Session-based recommendation (SBR) has emerged as a critical approach in modern recommender systems, addressing the challenge of predicting user preferences based on short-term interaction sequences. Traditional recommendation systems often rely on long-term user profiles and historical data, which may not be available in many real-world scenarios. SBR systems overcome this limitation by focusing on the immediate context of user interactions within a session, making them particularly valuable for e-commerce platforms, media streaming services, and other applications where user behavior is transient and anonymous.

The evolution of SBR methodologies has progressed through several stages. Early approaches utilized Markov chains and item-based collaborative filtering techniques. While these methods showed promise in capturing immediate transitions between items, they struggled with modeling long-term preferences and complex item relationships. The introduction of recurrent neural networks (RNNs) marked a significant advancement, enabling the modeling of sequential patterns in user behavior. However, these approaches were limited by their inherent sequential processing nature and inability to capture complex, non-linear item relationships.

Recent years have witnessed the growing dominance of graph neural networks (GNNs) in SBR systems. GNN-based approaches have demonstrated superior performance by explicitly modeling the intricate transition relationships between items within sessions. These methods construct graph representations of user sessions, where items serve as nodes and transitions between them as edges. The graph structure allows for more effective capture of both local and global patterns in user behavior, leading to more accurate recommendations.

Despite these advancements, current SBR systems still face several significant challenges. First, many existing approaches fail to fully exploit the rich information available across different levels of session data. Some methods focus exclusively on intra-session information, while others incorporate either session-level relationships or global item transitions, but rarely all three simultaneously. This partial utilization of available data limits the system’s ability to comprehensively understand user intent.

Second, the aggregation of information across sessions often introduces redundant or irrelevant data. When establishing connections between sessions through shared items, many approaches indiscriminately include all related sessions without considering the potential noise introduced by weakly related interactions.
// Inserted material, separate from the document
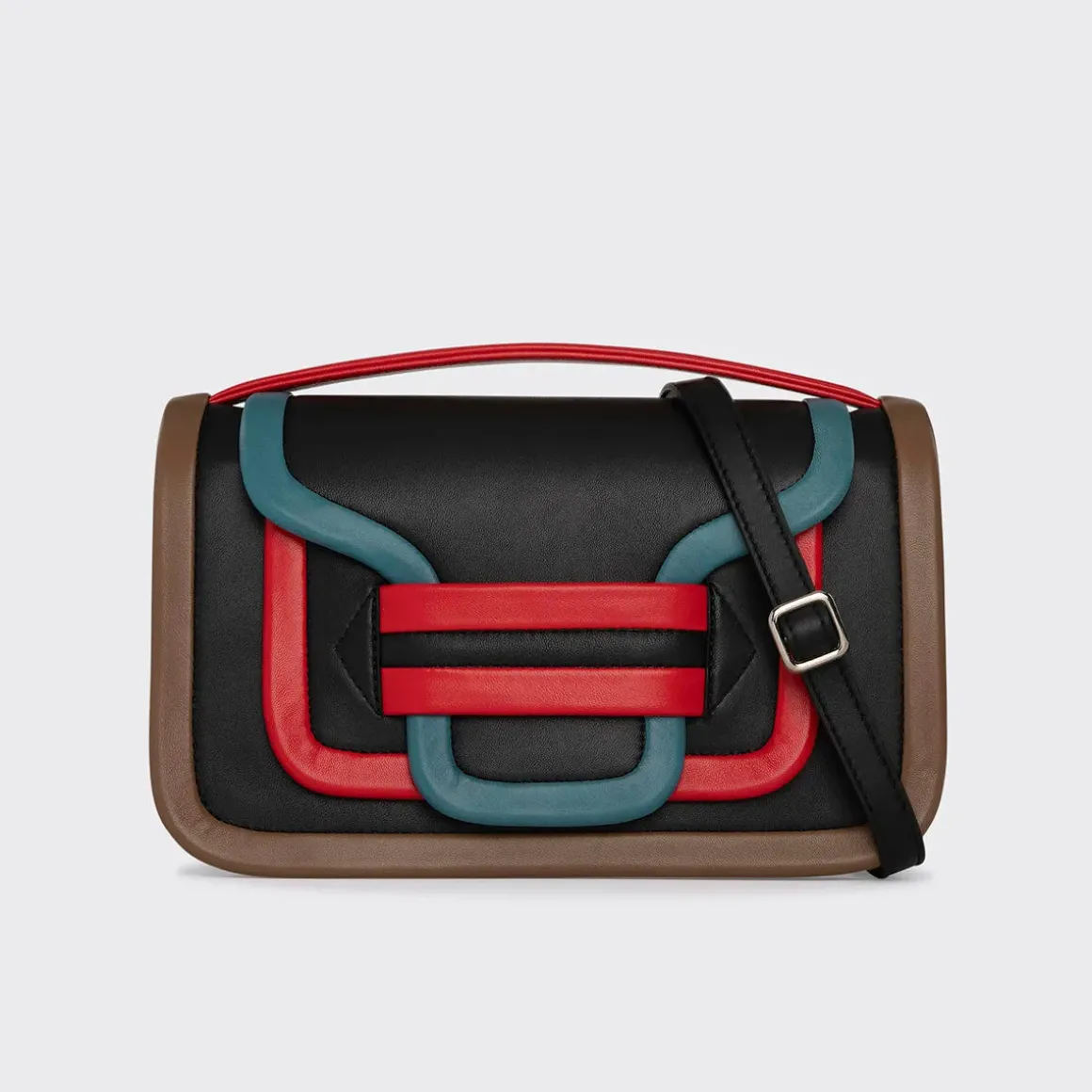 PIERRE HARDY ALPHA MAXI HANDBAG Black,red,bluesky,tobacco Clearance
This can lead to information overload and make it more difficult to discern genuine user preferences from incidental patterns.

Third, the integration of auxiliary information, such as item categories or metadata, remains underdeveloped in many SBR systems. While some approaches incorporate such additional data, they often fail to effectively combine it with the core session features, resulting in suboptimal utilization of potentially valuable contextual information.

To address these limitations, we propose a novel Dual Intent Session-Based Recommendation model that Integrates Multi-layer Graphs and Classification information (SRIMC). Our approach fundamentally rethinks how session data is represented and processed, introducing several innovative components that work in concert to provide more accurate and robust recommendations.

The foundation of our model lies in its multi-layer graph architecture, which systematically captures information at three distinct but complementary levels. At the most granular level, we construct local session graphs that represent the sequence of interactions within individual sessions. These graphs preserve the immediate context of user behavior, capturing the direct transitions between items that often reveal short-term preferences and immediate intent.

Moving beyond individual sessions, we introduce a session relationship graph that connects different sessions based on shared items. This intermediate layer allows the model to identify patterns and similarities across multiple user sessions, potentially revealing more stable preferences or common behavioral sequences. To address the issue of information redundancy in session relationships, we implement a novel sparsification technique that selectively prunes less meaningful connections while maintaining the graph’s overall connectivity. This approach helps focus attention on the most relevant inter-session relationships.

At the broadest level, we construct a global item graph that captures transition patterns across the entire dataset. This comprehensive view enables the model to learn general item associations that may not be apparent within individual sessions or small groups of sessions. By considering item relationships at this scale, the system can identify broader patterns of user behavior and item affinity that transcend individual sessions.

The information extracted from these three graph layers is processed through specialized GNN architectures tailored to each level’s characteristics. The local session graph employs attention mechanisms to weight the importance of different item transitions within a session. The session relationship graph utilizes convolutional operations to propagate information across connected sessions. The global item graph incorporates factorized representations to disentangle different aspects of item relationships. The outputs from these three processing streams are then combined to form what we term the α-intent representation, which encapsulates the structural patterns learned from the multi-layer graph framework.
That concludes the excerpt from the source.